Il faut dire que Nabokov offre à son lecteur une immersion dans la psychée d'un nympholepte, d'aucun dirait un pédophile, admirant de loin les nymphettes jusqu'à ce que sa rencontre avec Lo, Lolita, Dolly, Dolorès le fasse sombrer dans une passion amoureuse sans issue et le mène au meurtre. Car Humbert Humbert se raconte: sa vie en Europe, son premier mariage, son divorce et son départ pour les Etats-Unis, ses dépressions, le mariage avec la mère de Lolita, ses complots, son voyage avec elle, la perte... Il n'épargne rien de leurs tribulations d'amants, victimes l'un de l'autre.
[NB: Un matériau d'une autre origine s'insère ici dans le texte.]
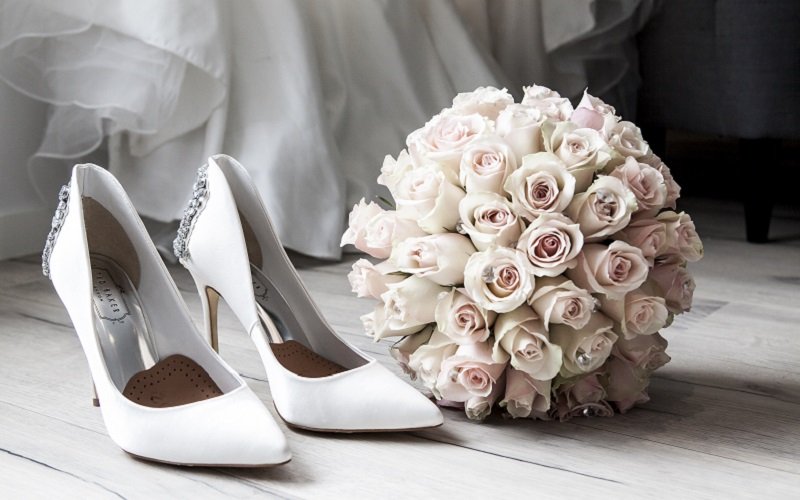 bridal shoes and bouquet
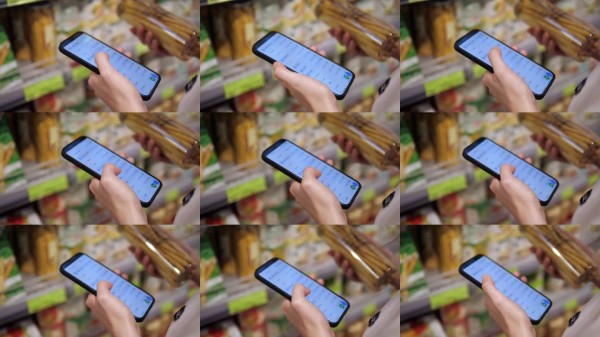 手握着环保面包棒和一部部分勾选了购物清单的手机,强调了有意识的消费主义。非常适合可持续发展、健康或食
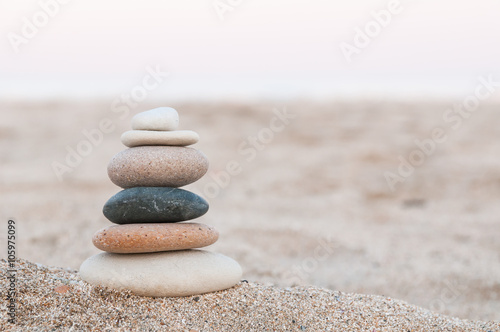 Canvas Print Zen Stones / Stacked zen stones on the beach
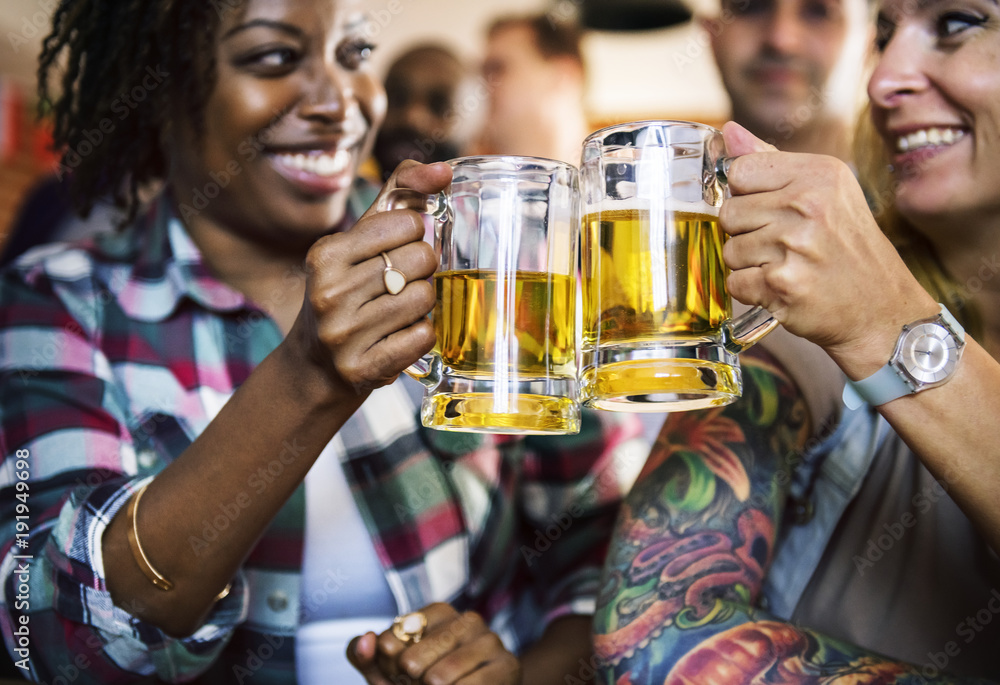 Frieds cheering sport at bar together Frieds cheering sport at bar together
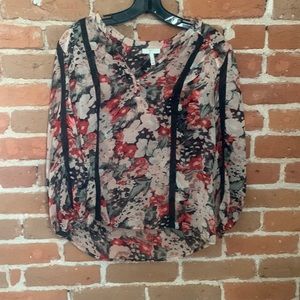 Semi-sheer Joie silk top with floral pattern and lace detail. Dress up or down
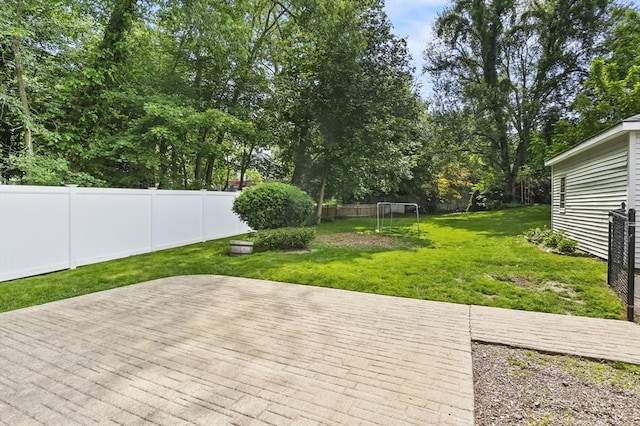 16 Boyce St, Worcester, MA 01603 - fenced backyard featuring view of wooded area and a wooden deck
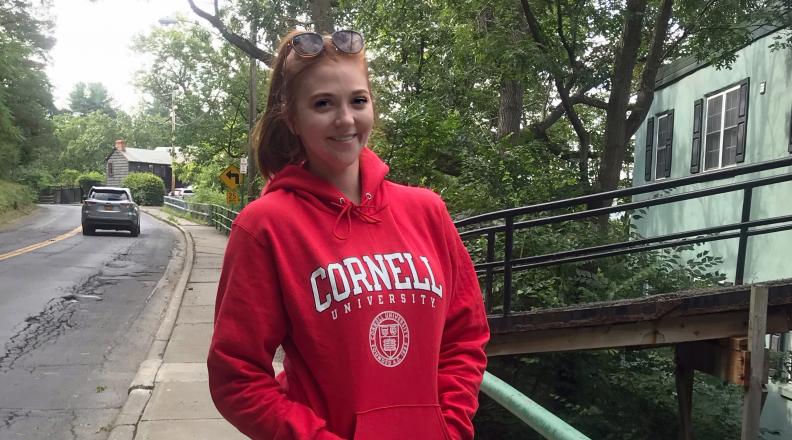 Macy Nicol wearing a red Cornell sweatshirt.
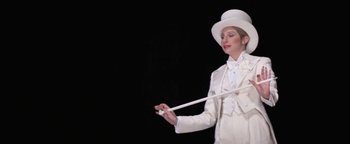 Movie still from “Funny Lady” (1975), directed by Herbert Ross – A woman in a top hat holding a white cane; Medium shot, Low angle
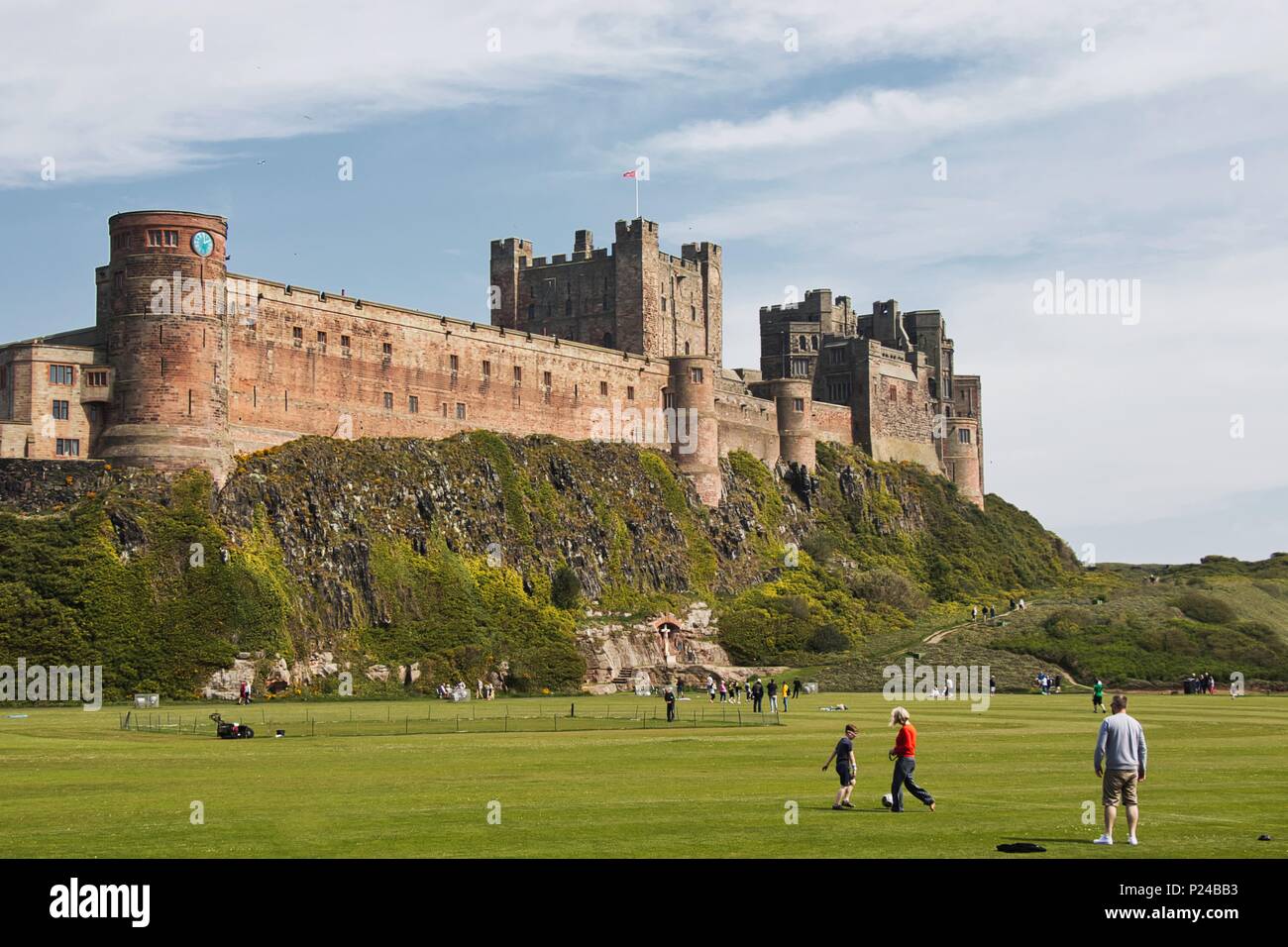Le famiglie a giocare sul campo sotto il castello di Bamburgh, Northumberland, Regno Unito Foto Stock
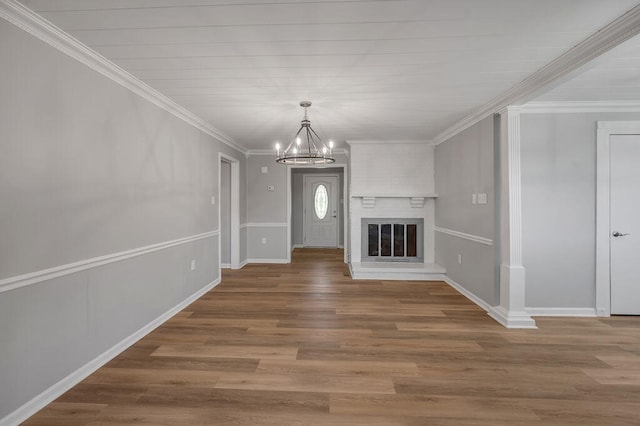 unfurnished living room with ornamental molding, a notable chandelier, hardwood / wood-style floors, and a fireplace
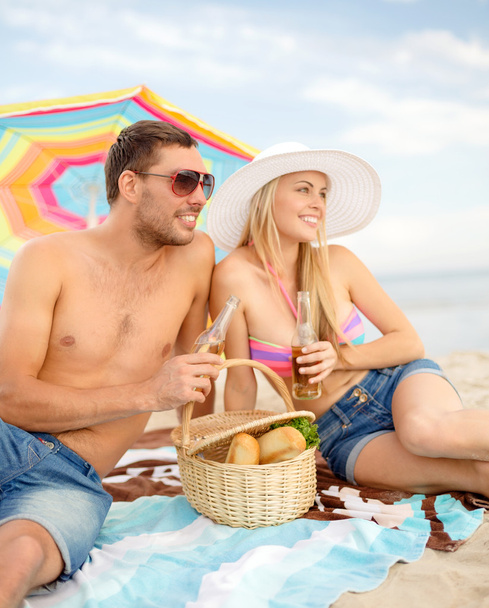 happy couple having picnic and sunbathing on beach - Valokuva, kuva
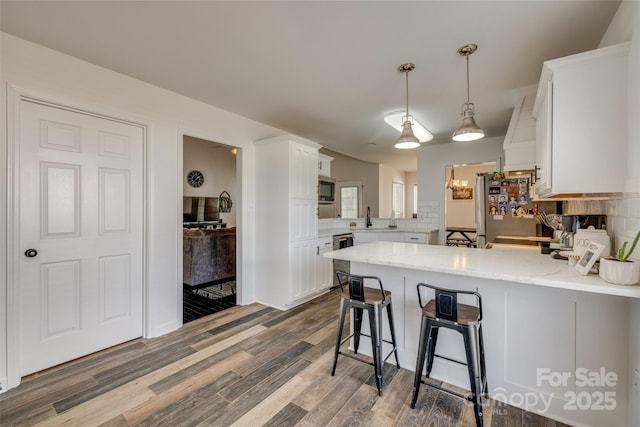 1140 Landsdown Dr, Salisbury, NC 28147 - kitchen with a peninsula, appliances with stainless steel finishes, white cabinetry, dark wood-style flooring, and a sink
Le récit est profondément immoral, choquant, et pourtant, au fil des pages, Nabokov parvient à le faire devenir amoral et à brouiller les repères du lecteur. Parce que Lolita est une victime oui, mais elle est aussi le bourreau. Enfant perdue dans la découverte de sa sexualité, jouant de sa séduction, elle se trouve confrontée au désir d'un adulte, soumise à ce désir qu'elle ne peut pas comprendre mais dont elle va aussi jouer et se jouer. Dans l'univers que décrit Humbert, elle finit par revenir à sa juste place: celle d'un être humain aussi égoïste et rusé que les autres, aussi insipide. A cet égard, la fin est atroce: on la sait brisée par sa relation avec Humbert par les indices semés au fil du texte, et pourtant, elle apparaît vivante comme si elle avait oublié ce qu'il s'était passé. Humbert lui-même est aussi une victime: victime de pulsions qu'il ne parvient plus à maîtriser, victime d'une folie dans laquelle il sombre doucement, profondément pitoyable et antipathique au dernier degré dans ses moments de lucidité.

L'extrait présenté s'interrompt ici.